At the start of Tuesday, all team gathers and shares progress. Data scientist shows a few graphs which indicate that even with limited features, we will have a decent model. At the same time, the data engineer is already halfway through setting up the system to score incoming transactions with the new model. The full-stack engineer is also progressing nicely, and just after a few minutes, everyone is back at their desk working on the agreed tasks.

Day 3

As with Tuesday, the team starts Wednesday with a standup meeting to share their progress. There is already a simple model build and some accuracy and error rate numbers. The data engineer shows the infrastructure for the transaction scoring, and the team discusses how the features arrive at the system and what needs to be done for them to be ready for the algorithm. The full-stack engineer shows the admin panel with metadata on transactions is displayed and the triggering mechanism. Another discussion follows on the threshold value for the model output to trigger a message for a fraud analyst. The team agrees that we need to be able to adjust this value since different models might have different distributions, and also, depending on other variables, we might want to increase and decrease the number of approved transactions.

Day 4

On Thursday, the team already has all the pieces, and during the standup, discuss how to integrate those pieces. Team also outlines how to best monitor models in production, so that model performance could be evaluated and also degradation could be detected before it causes any real damage. They agree that a simple dashboard for monitoring accuracy and error rates will suffice for now.

Day 5

Friday is a demo day. During standup, the team discusses the last issues remaining with the first iteration of the transaction fraud detection. Team members prepare for the meeting with the fraud analysts that will be using this solution.

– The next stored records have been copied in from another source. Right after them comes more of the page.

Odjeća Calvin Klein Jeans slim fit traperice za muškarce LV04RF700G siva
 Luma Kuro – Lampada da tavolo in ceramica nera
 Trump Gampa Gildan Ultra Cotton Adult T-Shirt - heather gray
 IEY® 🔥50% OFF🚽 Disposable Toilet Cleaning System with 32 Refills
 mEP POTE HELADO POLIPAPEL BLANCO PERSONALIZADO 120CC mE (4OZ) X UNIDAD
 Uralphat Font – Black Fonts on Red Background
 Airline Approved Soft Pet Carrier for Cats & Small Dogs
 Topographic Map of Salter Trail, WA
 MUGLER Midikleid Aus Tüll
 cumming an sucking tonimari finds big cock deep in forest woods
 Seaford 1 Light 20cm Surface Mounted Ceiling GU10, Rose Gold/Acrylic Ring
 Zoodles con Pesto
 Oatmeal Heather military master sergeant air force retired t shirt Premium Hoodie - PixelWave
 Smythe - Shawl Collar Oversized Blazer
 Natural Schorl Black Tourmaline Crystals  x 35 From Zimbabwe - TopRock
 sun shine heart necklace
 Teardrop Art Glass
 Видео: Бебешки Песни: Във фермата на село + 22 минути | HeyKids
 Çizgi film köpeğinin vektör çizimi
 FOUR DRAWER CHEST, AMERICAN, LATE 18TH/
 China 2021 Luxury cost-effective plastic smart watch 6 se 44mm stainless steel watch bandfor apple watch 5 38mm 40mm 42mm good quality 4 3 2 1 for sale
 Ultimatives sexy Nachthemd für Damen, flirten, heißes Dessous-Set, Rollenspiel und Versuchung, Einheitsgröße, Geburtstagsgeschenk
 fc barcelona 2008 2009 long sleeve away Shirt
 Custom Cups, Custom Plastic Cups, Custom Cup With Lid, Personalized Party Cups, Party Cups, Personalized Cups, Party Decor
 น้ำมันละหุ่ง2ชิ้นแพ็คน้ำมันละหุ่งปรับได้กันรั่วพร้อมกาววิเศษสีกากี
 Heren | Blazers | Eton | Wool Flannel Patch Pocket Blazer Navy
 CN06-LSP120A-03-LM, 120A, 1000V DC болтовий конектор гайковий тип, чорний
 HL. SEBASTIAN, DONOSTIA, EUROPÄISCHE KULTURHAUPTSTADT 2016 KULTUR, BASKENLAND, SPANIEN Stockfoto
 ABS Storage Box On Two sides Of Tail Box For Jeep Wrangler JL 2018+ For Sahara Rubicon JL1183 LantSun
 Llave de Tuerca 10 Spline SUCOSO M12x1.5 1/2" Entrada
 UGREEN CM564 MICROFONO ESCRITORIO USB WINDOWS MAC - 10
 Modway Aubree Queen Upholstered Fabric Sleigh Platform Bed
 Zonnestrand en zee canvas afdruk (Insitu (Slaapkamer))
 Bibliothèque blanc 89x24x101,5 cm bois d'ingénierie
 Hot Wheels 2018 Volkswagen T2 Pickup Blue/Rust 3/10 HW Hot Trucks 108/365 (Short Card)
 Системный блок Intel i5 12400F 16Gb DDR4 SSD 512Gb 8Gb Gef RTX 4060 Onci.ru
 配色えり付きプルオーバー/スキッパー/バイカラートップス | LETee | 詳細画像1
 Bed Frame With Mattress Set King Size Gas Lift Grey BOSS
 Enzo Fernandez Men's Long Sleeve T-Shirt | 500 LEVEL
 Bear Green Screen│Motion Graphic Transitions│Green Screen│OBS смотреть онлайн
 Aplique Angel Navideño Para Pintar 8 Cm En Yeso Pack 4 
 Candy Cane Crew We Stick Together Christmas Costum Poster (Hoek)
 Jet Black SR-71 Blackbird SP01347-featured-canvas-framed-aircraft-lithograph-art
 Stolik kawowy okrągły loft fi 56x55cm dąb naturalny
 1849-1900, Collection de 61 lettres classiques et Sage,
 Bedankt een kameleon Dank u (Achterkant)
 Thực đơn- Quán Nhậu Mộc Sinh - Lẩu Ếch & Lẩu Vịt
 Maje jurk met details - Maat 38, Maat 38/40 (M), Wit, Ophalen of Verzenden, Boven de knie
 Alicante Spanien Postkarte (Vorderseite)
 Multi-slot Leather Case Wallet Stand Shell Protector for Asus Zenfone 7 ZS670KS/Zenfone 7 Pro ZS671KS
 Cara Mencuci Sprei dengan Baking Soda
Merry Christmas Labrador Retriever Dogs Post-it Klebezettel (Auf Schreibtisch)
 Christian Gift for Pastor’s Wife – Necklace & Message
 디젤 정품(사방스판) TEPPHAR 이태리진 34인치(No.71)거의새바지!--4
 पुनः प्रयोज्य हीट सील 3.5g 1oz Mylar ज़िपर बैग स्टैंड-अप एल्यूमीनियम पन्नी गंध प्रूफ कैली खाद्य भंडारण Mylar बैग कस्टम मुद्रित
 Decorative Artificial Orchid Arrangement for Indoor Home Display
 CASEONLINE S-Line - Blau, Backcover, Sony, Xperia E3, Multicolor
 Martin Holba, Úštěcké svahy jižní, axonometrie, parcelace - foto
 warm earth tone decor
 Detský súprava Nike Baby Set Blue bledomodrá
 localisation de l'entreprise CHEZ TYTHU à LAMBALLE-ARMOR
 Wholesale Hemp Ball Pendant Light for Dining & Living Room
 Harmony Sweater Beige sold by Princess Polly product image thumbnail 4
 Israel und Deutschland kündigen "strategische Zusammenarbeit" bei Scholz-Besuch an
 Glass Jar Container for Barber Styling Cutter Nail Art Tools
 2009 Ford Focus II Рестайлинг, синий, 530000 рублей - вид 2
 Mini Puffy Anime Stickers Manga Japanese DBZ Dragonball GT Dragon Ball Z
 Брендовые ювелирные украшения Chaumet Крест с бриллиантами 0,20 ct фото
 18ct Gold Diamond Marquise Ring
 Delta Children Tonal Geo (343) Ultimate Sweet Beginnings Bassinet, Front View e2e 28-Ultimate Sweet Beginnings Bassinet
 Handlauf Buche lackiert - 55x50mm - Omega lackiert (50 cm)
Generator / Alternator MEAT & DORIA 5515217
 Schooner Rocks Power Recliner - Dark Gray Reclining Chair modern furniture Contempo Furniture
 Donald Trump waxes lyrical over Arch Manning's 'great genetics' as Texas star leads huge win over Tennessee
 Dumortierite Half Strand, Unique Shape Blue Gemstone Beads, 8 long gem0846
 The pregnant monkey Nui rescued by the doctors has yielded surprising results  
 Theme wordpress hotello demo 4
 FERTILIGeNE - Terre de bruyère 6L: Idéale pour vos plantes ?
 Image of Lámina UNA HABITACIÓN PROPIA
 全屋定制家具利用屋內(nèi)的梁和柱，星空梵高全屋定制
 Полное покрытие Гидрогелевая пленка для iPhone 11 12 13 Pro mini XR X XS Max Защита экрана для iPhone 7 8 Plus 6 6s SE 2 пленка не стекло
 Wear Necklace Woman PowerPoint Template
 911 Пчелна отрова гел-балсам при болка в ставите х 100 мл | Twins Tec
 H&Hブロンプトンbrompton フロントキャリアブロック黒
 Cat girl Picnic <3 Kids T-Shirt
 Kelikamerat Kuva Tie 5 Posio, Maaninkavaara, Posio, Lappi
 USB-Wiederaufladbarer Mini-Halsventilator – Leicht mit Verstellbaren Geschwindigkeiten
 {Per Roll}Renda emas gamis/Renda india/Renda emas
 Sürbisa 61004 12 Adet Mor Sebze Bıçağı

During the demo, the team shows what they have built for the fraud analysts. The team presents performance metrics and their implications for the fraud analysts. All feedback is converted to tasks for future sprints. Another vital part of the Sprint is a retrospective — meeting where the team discusses three things: 1. What went well in the Sprint; 2. What could be improved; 3. What will we commit to improving in the next Sprint;

Further down the road

During the next Sprint, the team is working on another most important item from the product backlog. It might be feedback from the fraud analysts, or it might be something else that the product owner thinks will improve the overall business the most. However, the team closely monitors the performance of the initial version of the solution. It will continue to do so because ML solutions are sensitive to changes in underlying assumptions that the model made about data distribution.

Discussion

Above is a relatively “clean” exposition of the scrum process for data science solutions. Real-world rarely is that way, but I wanted to convey a few points:

  1. Data Science cannot stand on its own. If we’re going to impact the real world we have to collaborate in a cross-functional team, it should be a part of a wider team;
  2. Iteration is critical in data science, and we should expose artifacts of those iterations to our stakeholders to receive feedback as fast as possible;
  3. Scrum is a framework that is designed for iterative progress. Therefore it is a perfect fit for data science work;

However, it is not a framework for any endeavor. If your job requires you to think deeply for days, then Scrum and agile would probably be very disruptive and counterproductive. Also, if your work requires you to handle a lot of different and small data science-related tasks, following Scrum would be inappropriate, and maybe Kanban should be considered. However, typical product data science work is not like that. Iteration is king, and getting feedback fast is key to providing the right solutions to business problems.

In summary

Data Science is a perfect fit for the Scrum with a single modification — we do not expect to ship finished models. Instead, we ship artifacts of our work and solicit feedback from our stakeholders so we can make progress faster. Project managers might not like data science for the unpredictability of the progress, but iteration is not at fault, it is the only way forward.